For the more casual fans, Bossa Nova is the Brazilian contribution to music. But there's more than that, and a background from which the popularization of Brazilian sound began in America via saxophonist Stan Getz' teamings with Joao Gilberto and Antonio Carlos Jobim on Getz/Gilberto (Verve Records, 1963) and guitarist Charlie Byrd for Jazz Samba (Verve Records, 1962).

Going deeper, and further back before the days of Bossa Nova, is pianist Antonio Adolfo on Rio, Choro, Jazz..., for an exploration of the music of seminal Brazilian composer Ernesto Nazareth (1863-1934).

Brazil, as much as America, has always stirred up a stew of musical styles. In the late nineteenth century, combining the influences of European dance forms, American Ragtime, and the rhythms of Africa—using European instrument such as the piano and a variety of guitars—a music called Choro was born. And Ernesto Nazareth was one of the most prolific and popular Choro composers.

Adolfo opens the disc with his lone composing contribution, the set's title tune. His piano and the guitar of Claudio Spiewak rise up to float over the face of the earth. The rhythm of bassist Jorge Helder and drummer Rafael Barata and percussionist Marcos Suzano are light yet insistent, while Marcelo Martin's flute seems to drift with the clouds.

The rest of the set covers the compositions of Ernesto Nazareth, spanning a time frame from 1881 to 1912. Supple melodic delicacy injected with African-tinged rhythmic energy is the approach. Like Bossa Nova that it influenced, Choro has a certain restraint and refinement, and an unrestrained beauty in these Adolfo jazz treatments.

The earliest of the Nazareth tunes covered here, "Nao Caio Noutra," is an ebullient ragtime romp in the Scott Joplin mode, perhaps the most American-influenced of the songs. From the year 1912 come the tunes "Fon-Fon" and "Tenebroso." The former rides a samba-ish groove, by turns serious and playful.
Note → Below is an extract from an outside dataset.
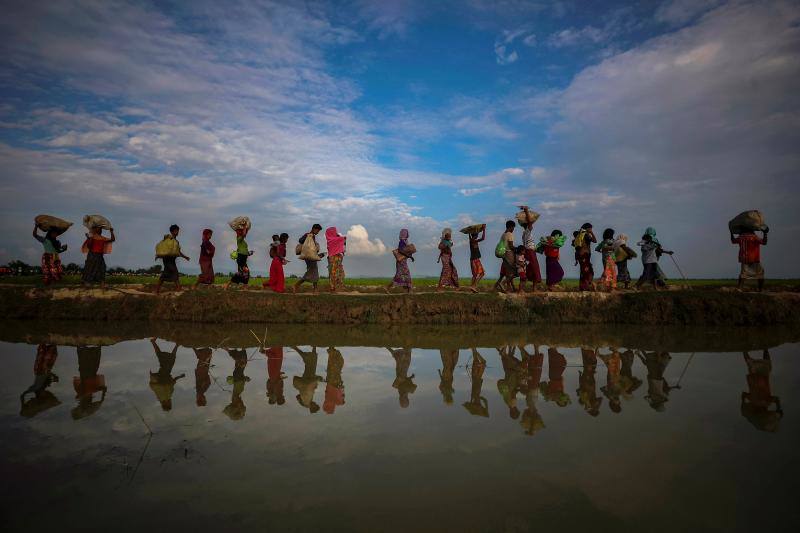 Refugiados rohinyás se reflejan en el agua de lluvia a lo largo de un terraplén junto a arrozales después de huir de Myanmar a Palang Khali, cerca de Cox's Bazar (Bangladés), el 2 de noviembre de 2017.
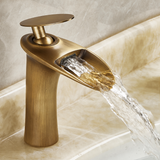 Copper vintage kitchen faucet with a waterfall-style water output, showcasing a sleek design and shiny finish.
The latter, has a rhythm that brings Miles Davis' "In a Silent Way" to mind, with a sweet and lyrical soprano sax turn inside the lilting piano work.

This is music called Choro written a century ago, but Antonio Adolfo has arranged and shaped it into the twenty-first century, giving it a modern sheen and revealing new facets of it beauty.

Track Listing: Rio, Choro, Jazz...; Feitico; Brejeiro; Fon-Fon; Tenebroso; Nao Caio Noutra; Coracao Que Sente; Cuera; Nene; Odeon.

Personnel: Antonio Adolfo: piano; Claudio Spiewak: guitars; Jorge Helder: bass; Marcelo Martins: flute, soprano saxophone; Rafael Barata: drums, percussion; Marcos Suzano: percussion.